Does anyone else find AR4 Section 3.4 breathtaking in its misrepresentation of the evidence? The claim that “the available data do not indicate a detectable trend in upper-tropospheric relative humidity” contradicts direct evidence, and goes on to use false assumptions to make its unqualified claims. It should be noted that Brian Soden (who has published a guest commentary at RealClimate.org), the cited reference for the in the passage above, is a lead author on the chapter.

I will add it to my examples of bias I have found from my examination of evidence related to the AR4 so far.

These include:

  1. Rahmstorf, who claimed climate responding faster than expected on the basis of
    a dubious graph with no statistical test;
  2. Harries who claimed to detect the greenhouse effect from CO2 spectral brightening
    but whose later (unreported) publications were much more equivocal;
  3. Soden, who claims to have detected increase in specific water vapor from
    spectral brightening using blatantly false assumptions.

Even though the AR4 report has been applauded by the major scientific institutions of the world, a cursory review appears to reveal huge biases.
At the very least, the literature deserves to be reviewed in a truly systematic way, focussed on quality of evidence, by an unbiased panel of experts. Such a review would be commissioned with emphasis on meta-questions such as: Is it systematic? What is the system of guidance given to the authors? Is it unbiased?

Greenhouse Thermodynamics and Water Vapor

Anthony Watts has
uncovered some data
from the NOAA website that appears to show water vapor levels have been decreasing for the last sixty years.

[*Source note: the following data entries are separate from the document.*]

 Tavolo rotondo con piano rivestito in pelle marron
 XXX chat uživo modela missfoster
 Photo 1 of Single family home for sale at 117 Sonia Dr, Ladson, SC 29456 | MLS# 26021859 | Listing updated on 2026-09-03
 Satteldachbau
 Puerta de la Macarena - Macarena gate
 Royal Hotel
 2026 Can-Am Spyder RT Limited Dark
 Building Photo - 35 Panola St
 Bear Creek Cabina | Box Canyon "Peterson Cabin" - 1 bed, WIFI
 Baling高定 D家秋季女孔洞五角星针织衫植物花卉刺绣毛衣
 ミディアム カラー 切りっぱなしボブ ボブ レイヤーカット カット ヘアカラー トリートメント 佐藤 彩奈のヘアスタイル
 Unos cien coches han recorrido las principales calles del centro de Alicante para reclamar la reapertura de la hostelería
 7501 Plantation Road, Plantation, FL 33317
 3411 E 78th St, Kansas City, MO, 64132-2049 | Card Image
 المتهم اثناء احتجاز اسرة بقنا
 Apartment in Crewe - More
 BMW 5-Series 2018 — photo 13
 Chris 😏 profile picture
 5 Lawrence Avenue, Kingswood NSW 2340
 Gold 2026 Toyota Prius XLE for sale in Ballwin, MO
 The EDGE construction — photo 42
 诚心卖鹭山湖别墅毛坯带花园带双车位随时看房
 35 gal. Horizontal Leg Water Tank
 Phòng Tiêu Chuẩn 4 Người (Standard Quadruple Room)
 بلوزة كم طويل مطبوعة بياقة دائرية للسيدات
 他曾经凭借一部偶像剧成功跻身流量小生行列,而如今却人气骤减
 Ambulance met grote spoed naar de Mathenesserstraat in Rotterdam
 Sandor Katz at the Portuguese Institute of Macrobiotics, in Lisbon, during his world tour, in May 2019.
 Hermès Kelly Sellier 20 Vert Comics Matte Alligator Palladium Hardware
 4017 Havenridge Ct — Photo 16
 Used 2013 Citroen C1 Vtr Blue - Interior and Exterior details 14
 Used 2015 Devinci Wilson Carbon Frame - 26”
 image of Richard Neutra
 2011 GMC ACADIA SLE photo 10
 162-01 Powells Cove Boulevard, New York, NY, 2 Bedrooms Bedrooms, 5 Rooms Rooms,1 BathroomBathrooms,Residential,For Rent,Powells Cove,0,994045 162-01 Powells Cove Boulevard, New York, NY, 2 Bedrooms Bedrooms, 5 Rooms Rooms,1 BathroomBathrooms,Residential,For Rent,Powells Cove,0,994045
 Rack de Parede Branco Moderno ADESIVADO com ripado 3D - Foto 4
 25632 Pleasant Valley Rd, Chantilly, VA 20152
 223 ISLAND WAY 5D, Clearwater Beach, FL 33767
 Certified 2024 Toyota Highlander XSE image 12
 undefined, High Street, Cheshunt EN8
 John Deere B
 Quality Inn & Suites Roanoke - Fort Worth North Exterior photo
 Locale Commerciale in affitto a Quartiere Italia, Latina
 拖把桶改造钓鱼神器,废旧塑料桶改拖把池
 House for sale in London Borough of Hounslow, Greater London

Strangely, a number of recent peer-reviewed publications claim that water vapor is increasing:

Water Vapor Feedback is Rapidly Warming Europe

Elevated surface temperatures due to other greenhouse gases have enhanced water evaporation and contributed to a cycle that stimulates further surface temperature increases, according to a report in Geophysical Research Letters. The research could help to answer a long-debated Earth science question about whether the water cycle could strongly enhance greenhouse warming.

The following paper finds a positive trend but contradicts the findings over Europe.

Trends and variability in column-integrated atmospheric water vapor

The main region where positive trends are not very evident is over Europe, in spite of large and positive trends over the North Atlantic since 1988.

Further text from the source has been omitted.